Napoleon did not see the worst of this as he rushed ahead. Before leaving Poznan he had written to Marie-Louise that he would be back in three months; either the Tsar’s nerve would break when he saw the Grande Armée come up to the border or he would be knocked out in a quick battle. Napoleon was now in a hurry to bring things to a head. He raced to Danzig, moving so fast that he left most of his household behind, arriving there on 8 June. He inspected troops and supplies, accompanied by the military governor, General Rapp. At Danzig he also met up with Marshal Davout, commander of the 1st Corps, and with his brother-in-law Joachim Murat, King of Naples.

It would be hard to bring together two more different characters. Louis-Nicolas Davout was a year younger than Napoleon. He came from an old Burgundian family with roots in the Crusades, and was the most devoted as well as the ablest of Napoleon’s marshals. He was strict and demanding, a hard taskmaster to those serving under him, feared and disliked by most of his peers, but loved by his soldiers because, in order to get the most out of them, he made sure they had everything they needed and were not tired out with unnecessary duties.

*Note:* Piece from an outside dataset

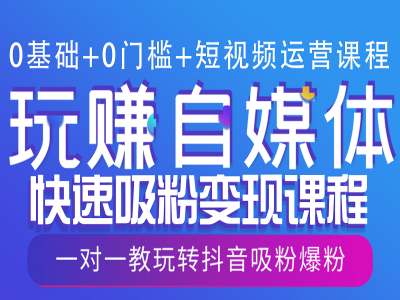 0基础+0门槛+短视频运营课程，玩赚自媒体快速吸粉变现课程，一对一教玩转抖音吸粉爆粉 - AI 智能探索网-AI 智能探索网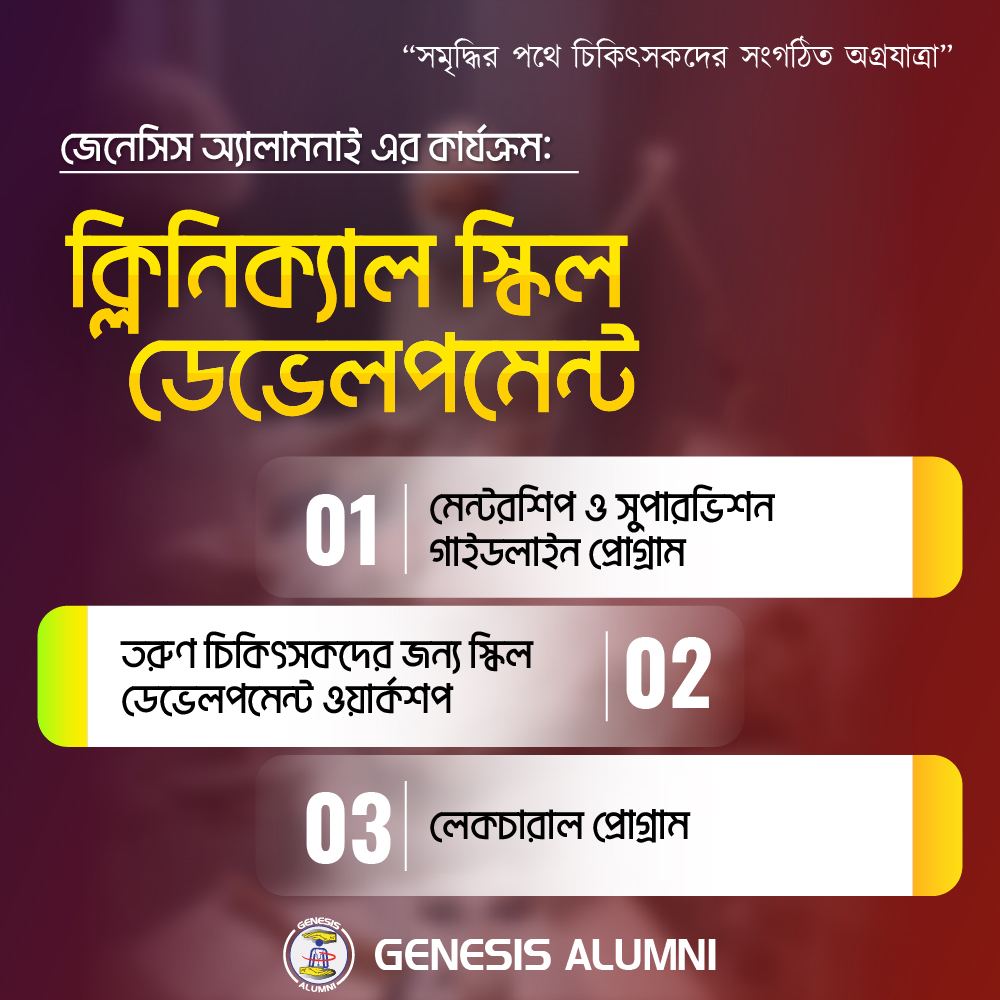 জেনেসিস অ্যালামনাই এর প্ল্যান "ক্লিনিক্যাল স্কিল ডেভেলেপমেন্ট" কার্যক্রম পরিচালনা করার মাধ্যমে স্বাস্থ্য বিষয়ক গাইডলাইন প্রোগ্রাম,স্কিল ডেভেলেপমেন্ট ওয়ার্কশপ ও লেকচার প্রোগ্রাম বাস্তবায়ন করা।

Joachim Murat, who was three years Davout’s senior, was of a different cut in every way. The son of a Gascon innkeeper from Cahors, he had studied for the priesthood at a seminary in Toulouse before running away to join the army. Although not without a certain cunning, he was stupid, which allowed him to be absurdly and recklessly brave even though he lacked real courage. He was, in Napoleon’s words, ‘an imbecille [sic] without judgement’. But he was an instinctively brilliant cavalry commander in battle. He was also devoted to Napoleon. He had married the Emperor’s sister Caroline, and in 1808 he was made King of Naples.25

In Danzig, Napoleon explained to Davout and Murat what part they were to play in his plans. Murat would command the huge body of cavalry, a great battering ram of four divisions, with a nominal strength of 40,000, which was to spearhead the attack. Napoleon wanted to fight and defeat the Russians as quickly as possible, so he decided to strike them at the point where they might feel strong enough to make a stand, which meant a frontal attack at Vilna. He would attack Barclay’s First Army, using Davout’s 1st Corps of 70,000 men, flanked by Ney’s 3rd Corps of 40,000 to the north and backed up by the Guard, numbering some 40,000. Prince Eugène’s 4th and St Cyr’s 6th Corps, totalling 67,000 Italians, Bavarians and Croats as well as Frenchmen, would advance to the south of this thrust, driving a wedge between Barclay and Bagration. Further south, Jérôme was to advance against Bagration with three other army corps (5th Polish, 7th Saxon and 8th Westphalian), altogether some 60,000 men. In the north, Marshal Macdonald’s 10th Corps, made up of Prussians as well as Frenchmen, would cross the Niemen at Tilsit and advance on Riga, while Oudinot’s 2nd Corps supported both him and the main strike force by attacking Barclay’s right wing. South of the Pripet, Schwarzenberg’s Austrians were to mark Tormasov’s Third Army.

It is impossible to be precise about the numbers involved. On paper, the overall strength of the forces poised for invasion was 590,687 men and 157,878 horses, while the total number of French and allied troops in the whole theatre of operations, including Poland and Germany, was 678,000. But these figures beg many questions.26

The strength of an army which has taken up positions, as the Russian had done over the months, can be established fairly accurately, as the units are concentrated in one place, and there is little reason or scope for anyone to absent themselves for more than the few hours it might take to report to headquarters or pick up some stores. But an army on the move is far more volatile.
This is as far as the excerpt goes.